Dylan ignored this, and still crying, he just kept hugging his brother.

Dhan Teras night as many lights as could be safely left burning, burned. Tea lights and jar candles burned before Lakshmi. Little lamps, hung from the ceiling, gave their tiny sparks. In the kitchen and all through the house, candles were set up. Elias had changed the sheets in his room and aired the place out. He gave it to Fenn and Thackeray for the night. Midway through, Dylan climbed out of his large bed where Lance and Elias were and went to his father and Thackeray.
“It’s really beautiful in here,” Laurel said, her knees curled to her chest on the let out bed.
“I know,” Moshe said beside her. “We always go on about Christmas, but… This is something else.”
Then he said, “I have something for you.”
“Okay.”
Moshe leaned over and pulled something out of a bag. He presented a box to Laurel and opened it.
“There’s no better way to say this,” he began. “Would you marry me?”
“I don’t know,” Laurel said, simply.
“That was not what I was expecting.”
“I don’t think I want to be Jewish,” Laurel said. “That’s that.”
Moshe said nothing, and Laurel continued.
“Maia said even if I was Jewish I would never be a Jew. Or something like that. Even if I was white—”
“Oh, my God, are you serious?” Moshe said. “My family loves you. You know that.”
“Even if I was white,” Laurel continued, “I would have to pretend I was… you know, Ashkenazi. I would have to pretend to a culture that isn’t mine.”
“Of course you don’t have to. You’re just what you are—”
“But what I am,” Laurel said, “is not a Jew.”
“How do you know? You’re not a Christian. You don’t go to church.”
“God, that is the way you all think! It’s so tedious. For two thousand years you’ve been the people who aren’t Christians. The people who don’t believe in Jesus. Every time I show up to a synagogue or to a gathering Jesus is the three hundred pound Jew in the middle of the room no one talks about. I don’t want that either. I want to put up a Christmas tree. I… I don’t want to borrow your hang ups.”
“I have hang ups?”
“You wanted to wear a kipa while we were having sex. You have to rip the condoms open before sundown every Sabbath. We can’t touch light switches.”
Moshe frowned at her.
“I am so, so very sorry that my ways are such a burden for you.”
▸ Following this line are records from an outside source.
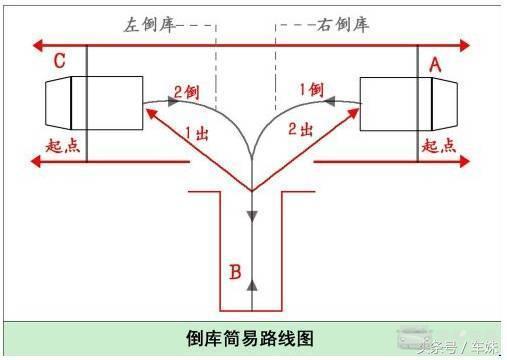 3分钟看懂倒车入库，一张图教你成为老司机！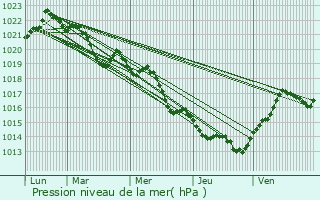 Graphe de la pression atmosphrique prvue pour Saint-Pons-de-Thomires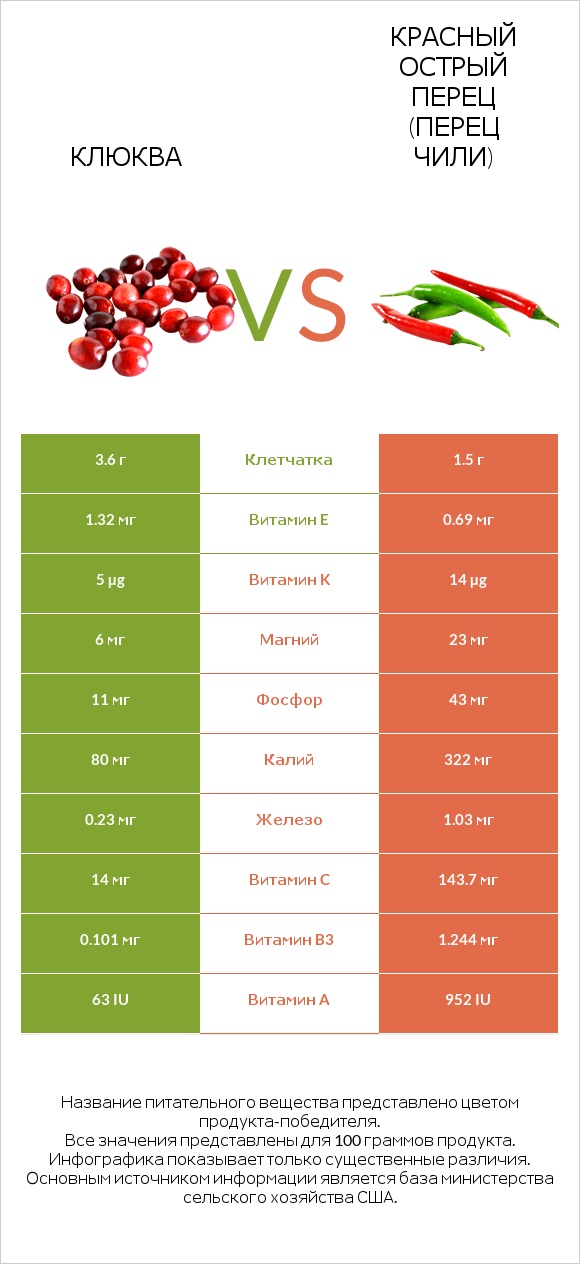 Клюква vs Красный острый перец (перец чили) infographic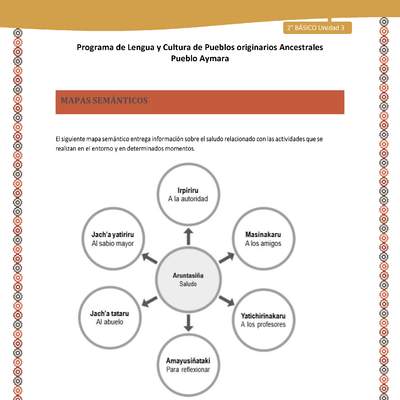  Orientaciones al docente - LC02 - Aymara - U03 - Mapa semántico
“It’s not even about that,” Laurel hissed. “And be quiet before you wake the house.
“It’s about your ways not being my ways. And about me needing to find my ways.”
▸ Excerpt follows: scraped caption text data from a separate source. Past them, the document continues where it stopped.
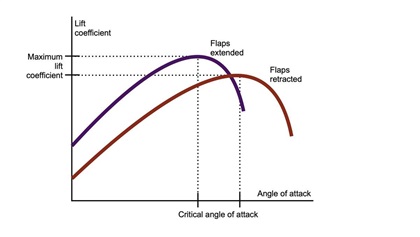 For a given angle of attack, extending flaps downward results in a greater lift coefficient. With no other changes, the lift increases and the airplane accelerates upward. Retracting flaps has the opposite effect. Unless the pilot compensates with proper yoke input, the aircraft will initially sink toward the ground. Graphic by Catherine Cavagnaro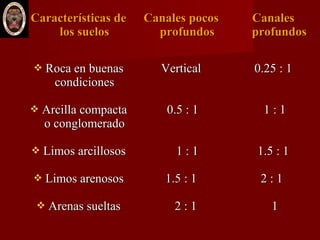 Características deCaracterísticas de
los sueloslos suelos
Canales pocosCanales pocos
profundosprofundos
CanalesCanales
profundosprofundos
 Roca en buenasRoca en buenas
condicionescondiciones
 Arcilla compactaArcilla compacta
o conglomeradoo conglomerado
 Limos arcillososLimos arcillosos
 Limos arenososLimos arenosos
 Arenas sueltasArenas sueltas
VerticalVertical
0.5 : 10.5 : 1
1 : 11 : 1
1.5 : 11.5 : 1
2 : 12 : 1
0.25 : 10.25 : 1
1 : 11 : 1
1.5 : 11.5 : 1
2 : 12 : 1
11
Laurel hunkered back down in the covers.
“I’ve decided, Moshe. You’ll have to have me Gentile. Or not at all.”
“Are we supposed to pretend to not have heard that?” Dylan’s voice whispered.
“What are you all doing up?” Laurel shot up out of bed.
“It’s the second day of Divali,” Fenn replied coming into the living room. “Kali Chaudas. And we are about to bathe. Dylan first. Go in my boy.”
“I’ll be short.”
“Be short or long. Wake me when you’re done, and don’t forget to clean out the tub.”
Dylan nodded and departed while Fenn came to sit on the edge of the sofa bed.
“What is Kali Chaudas?” Moshe said.
“Satyabhama, the wife of Krishna, knew that a horrible demon wanted to kill him and destroy the world. Krishna was on his way to slay him, but she did the slaying herself and saved the universe. So on this day we remember the destruction of evil demons, the slaying of wickedness. We take a bath in oil water and are oiled afterward.”
“And you believe that?” Moshe said.
“You believe that a crabby old God who lived on the top of a mountain slew all the first born of Egypt and led your ancestors across the Red Sea?”
“I don’t really think about it. Being Jewish is just something we do.”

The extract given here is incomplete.